Cowboy Lester D. Smith


Written by Jill Tamburelli. One in a collection by Allen Bachoroski, Local Historical Writer and author of “Tales Along the Highway of Legends”


Cowboy art takes me back to a time that I often wish I could be in just to experience the adventure and challenge that the cowboys must have when they first brought cattle to the Colorado Territory. “Cowboy Art” helps to make the days of yesteryear more vivid to us modern folk. It brings to mind a person who keeps the old-time feeling of the cowboy alive in me. His name is Lester D. Smith, as he likes to be known: Less,as all of his friends call him.

To know him is to know an old-time cowboy. He makes sure of that. When he dresses for working with the cattle, he always dawns his day by putting on his levis and western shirt and his hat and boots. He never forgets his chaps and wrist cuffs. They protect him from the brush and trees along the trail. There are not many cowboys these days that even know what wrist cuffs are, but my dad still uses them. “It’s part of being an old-time cowboy,” he says. (personal conversation)

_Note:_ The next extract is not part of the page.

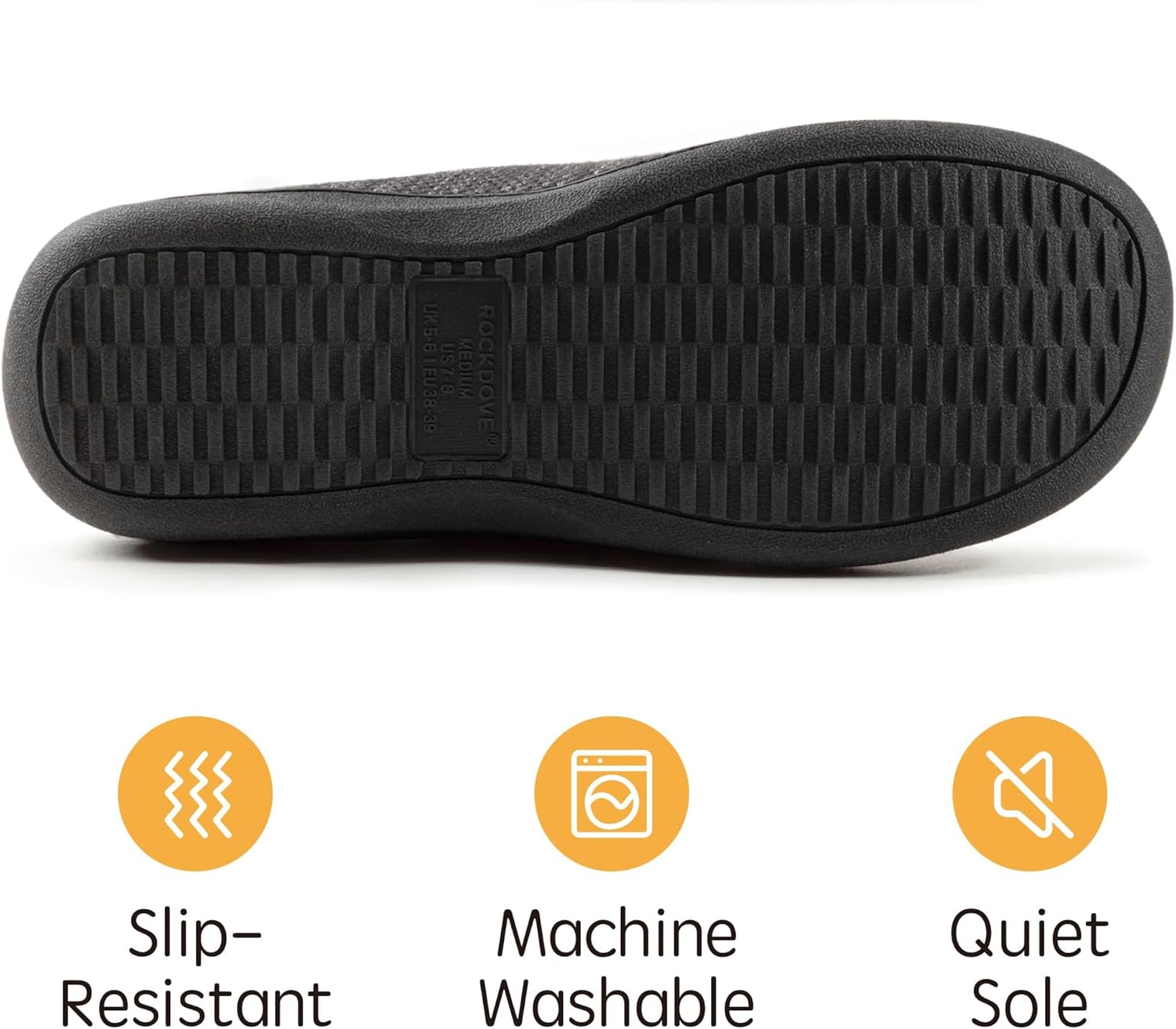 RockDove Womens Birdseye Knit Memory Foam Slippers Two Tone Slip On Open Back Breathable Waffle Upper Non Slip Rubber Sole Gift Idea - Image 5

His leather vest and chaps are of his own making. He wants to make sure that they are authentic and like the cowboys of yesteryear. His leather cuffs are one of the very fist things he bought with his own hard earned money when he was fourteen years old. He made his own tack for his horse in those days and still braids bridles at 74.

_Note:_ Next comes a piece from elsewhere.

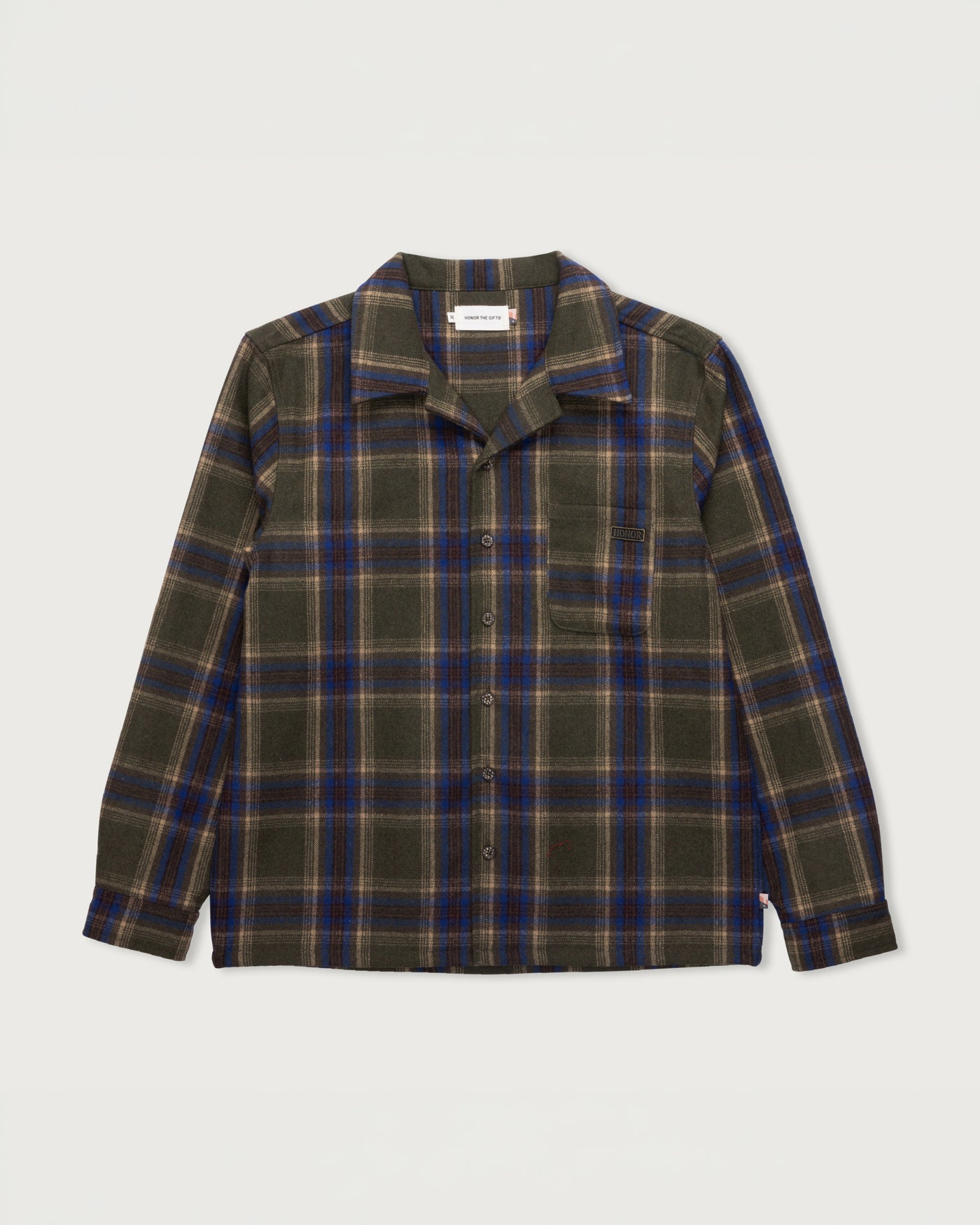 Plaid Flannel Overshirt - Olive Plaid Flannel Overshirt Olive front view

When Less talks about cattle or has advice for younger cowboys, they listen because they consider him a “heck of a hand”, and his advice is well worth taking. Often times he sits with his guitar in hand singing songs that the yesteryear cowboy sang around a campfire while bedded down at night with his cattle along the Chisolm Trail.

Everyone likes to hear the old-time stories that he tells about his younger days as a cowboy working cattle in the prairie and in the Colorado mountains. Although his work as a cowboy spans the years from 1929 to the present, he always tries to keep up the image of the old-time cowboy alive. One of his favorite old-time sayings is, “Eat bacon and beans most everyday I’d rather be eatin prairie hay.”

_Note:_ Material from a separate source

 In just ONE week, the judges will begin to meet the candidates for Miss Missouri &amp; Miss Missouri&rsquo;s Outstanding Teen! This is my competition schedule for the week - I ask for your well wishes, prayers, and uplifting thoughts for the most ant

He told the following story that took place around the time when the first highway was put through Southern Colorado between Walsenburg and Aguilar.

I started out one morning to round some horses up in my brand new Stetson and my white shirt, along with all the attire that’s needed for rounding up a bunch of horses. The state built fences on both sides of the arroyo that went under the highway and strung a single barbed wire across the gap between the fences.

When I went to get the horses I forgot all about the barb wire. The horses headed for that gap. If they would have gotten through there I would have had to ride about ten miles more to round em up again and so I was ridin’ fast, tryin’ to get in the lead. Me and my horse Tarzan was travelin’ so fast it seemed like we were going a hundred miles per hour. We were going so fast that we went right under that bridge. I forgot about the barbed wire even though I knew it was there. But I tryin’ to stop them horses. Somethin’ told me to duck just as I got to the wire and as I leaned over, the barbs caught my hat. The hat saved me from getting may head sawed by the barbs. They cut slices in my hat instead. I wasn’t worried about the hat though. I was worried about my ear being cut off. Luckily it wasn’t, but the barbs did cut it enough to make it bleed like a “stuck hog”. When I left home that morning I forgot to put my bandanna around my neck so I didn’t have anything to stop the bleedin’. So by the time I got to the pond and got the horses settled, the sleeve of my right arm was completely red with blood. I got off Tarzan and reached down into the muddy pond and got a handful of mud and plastered it on my ear to stop the bleedin’.

When I was young it wasn’t like it is today. When we got old enough we was turned loose and we had to learn everything the hard way. I had to do everything myself. But it was a good experience. I really made use of the sayin’, “live and learn”.